One of the greatest father daughter comedy crime-fighting acts in TV history – or maybe the only – Keith (Enrico Colantoni) and Veronica (Kristen Bell) Mars were instigators and investigators, living in the shadow of the tree of knowledge, selling the forbidden fruit that had already fallen, in the fictional-but-true town of Neptune, California. If someone needed to know something, they came to the Marses, who made it their business to know everything. Knowledge is power. If you know, you can plan revenge instead of being caught in the pain. And a painstorm watch is always in effect at the Mars household.

The reasons for this are outlined in an artful French memo board sequence at the beginning of the film; in short, the Mars took a demotion, from insiders to outsiders.
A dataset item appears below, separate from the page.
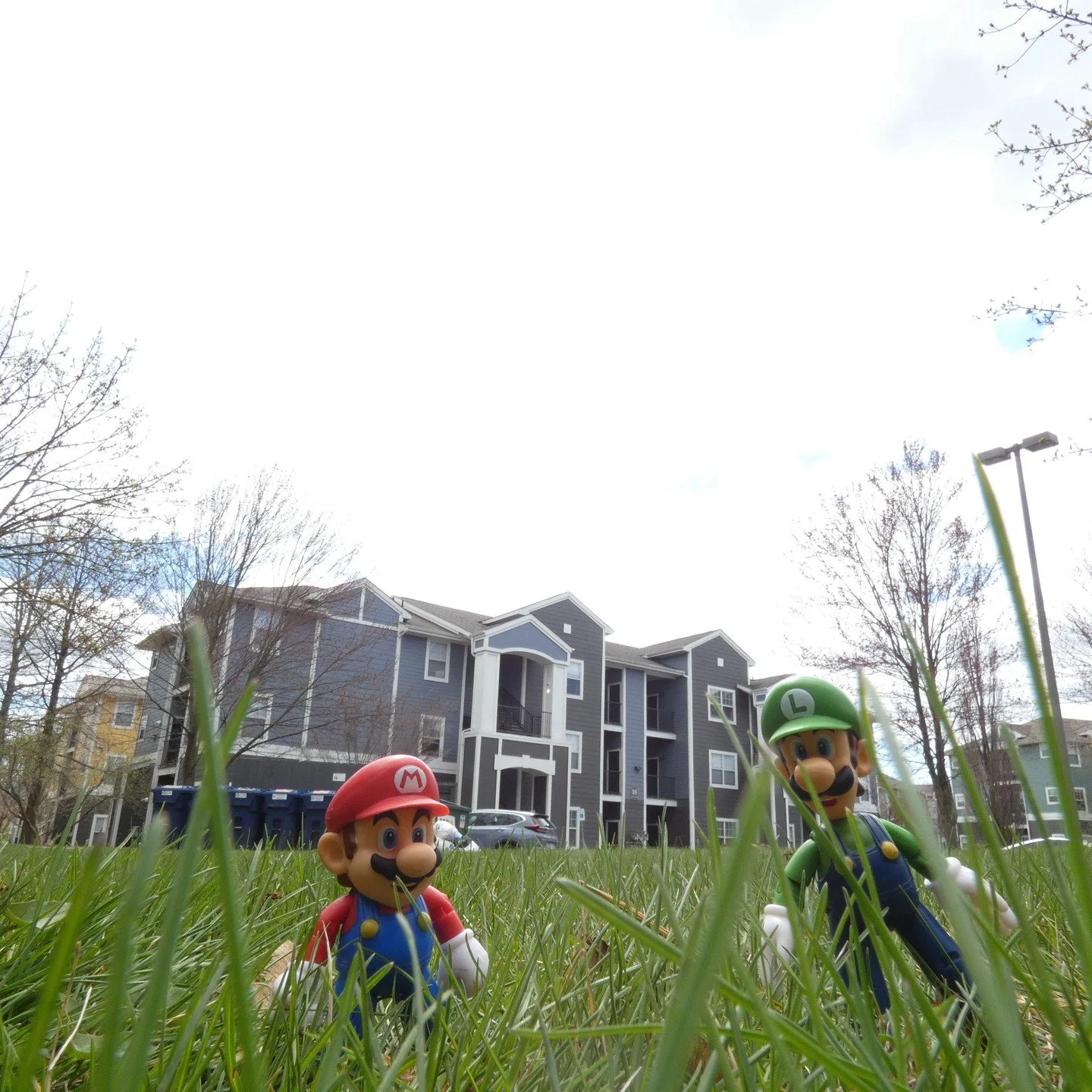 Fantasy in Reality
#supermariobros #sonicthehedgehog #yoshi #photography #actionfigurephotography
#toyphoto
And baby, it’s cold outside in Neptune. The town is a checkerboard of races, economic backgrounds and social classes, with the pieces stacked high on the expected squares. Throughout the show, Veronica stayed with the short stacks: a Hispanic reformed gang leader wrongly accused; a closeted gay student afraid of being outed; a middle-class girl raped at an upper-class party who is denied an investigation by the police. The last one, as we learn in the first episode, is none other than Veronica herself; it is an always open case and the nightmare that interrupted her American dream. There is no equal opportunity. There is no rising tide. There are those who have and those who have not. “When the class war starts,” Veronica narrates, “Neptune will be ground zero.”
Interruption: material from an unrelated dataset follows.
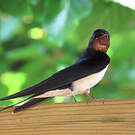Hirondelle rustique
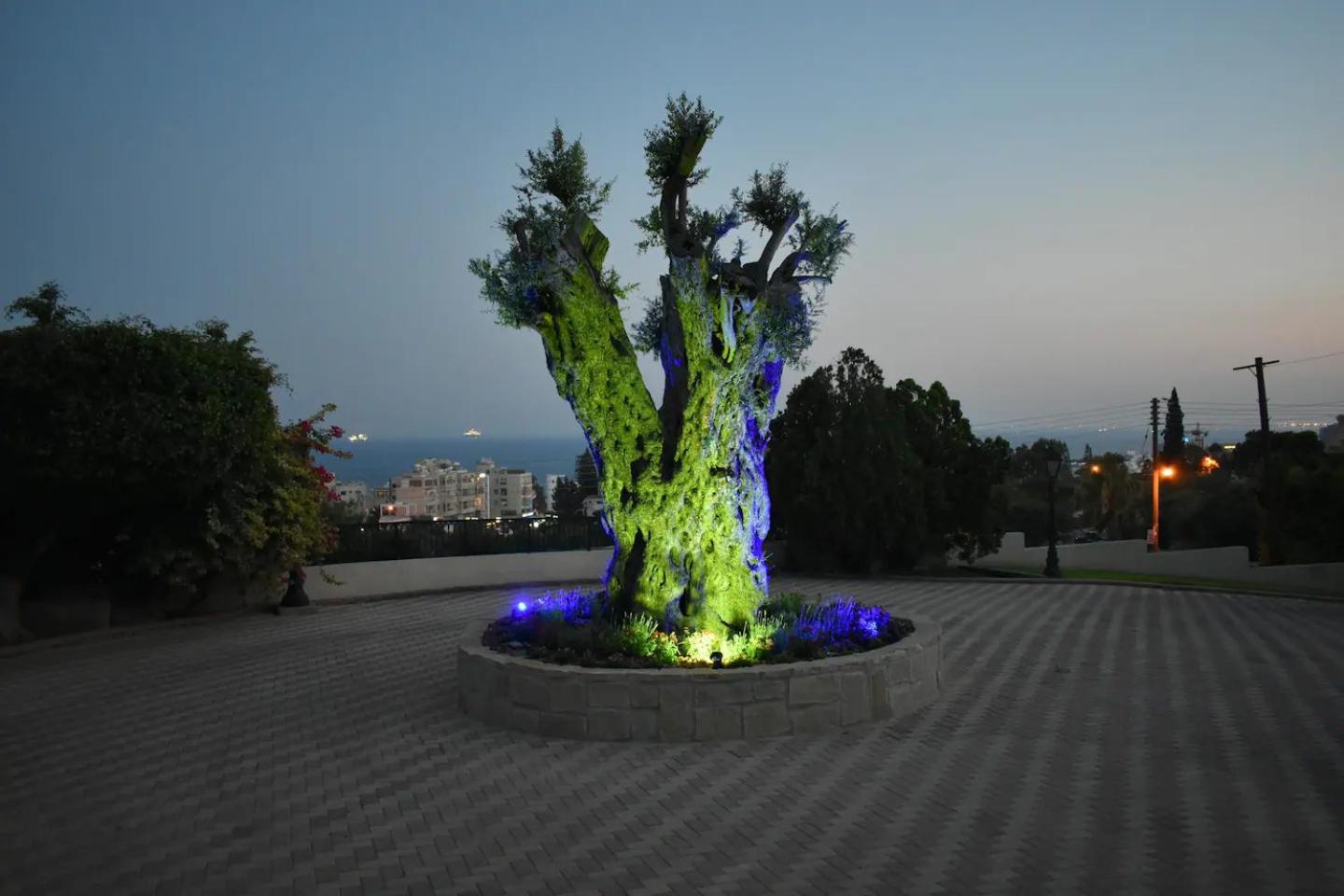 Olive Tree Διαμέρισμα *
That war is 10 years ago and 3,000 miles away as the film begins in a blurred palette of grays. Veronica has graduated from law school, moved to New York, and, when an interviewer (a foxy Jamie Lee Curtis) asks about her involvement in various criminal cases, Veronica replies, “that’s not me anymore.” A more precise reply would be she’s not on active duty. For as soon as ex-boyfriend Logan (Jason Dohring), the ambassador of Neptune’s stormy atmosphere, calls facing a murder charge, her adrenaline gets a bum rush. “I need your help,” he says, and though we only see Kristen Bell in silhouette, she seems paralyzed in a pause so breathless I truly believed her heart was beating too fast to speak. I know mine was. “I don’t – really do that anymore,” she tries. Yet within 24 hours Veronica has been undertowed to Neptune – and so have we.

This is a film funded by the fans and for the fans, but if you aren’t a fan, you will be soon, because it’s fantastic. Creator and Sustainer Rob Thomas’ central plot device, the class reunion, becomes a literal metaphor in the tradition of Rear Window, with fans experiencing the same reunion as Veronica. A rolodex of characters from all three seasons spins madly but smoothly, tossing out references and updates, shifting our mood between nostalgia and regret. Of course, only one reunion can simultaneously stimulate both of those, among other sensations – Veronica and Logan.

Kristen Bell and Jason Dohring’s hard work on TV has made it look easy on film. Despite the years of separation, every line swells with subtext and every pause ripples with possibility. And as he drives her home from the reunion, with Sufjan Stevens on the stereo singing about being in love with a place, Veronica is almost clear of her almost Lost Weekend and starts congratulating herself: “Do I get a chip for this? Pouring the drink, swishing it, smelling it, leaving the bar without taking a sip?” The thing is, once you’ve tasted good and evil, you can’t go back. Or rather, you have to. And Veronica Mars is back in town.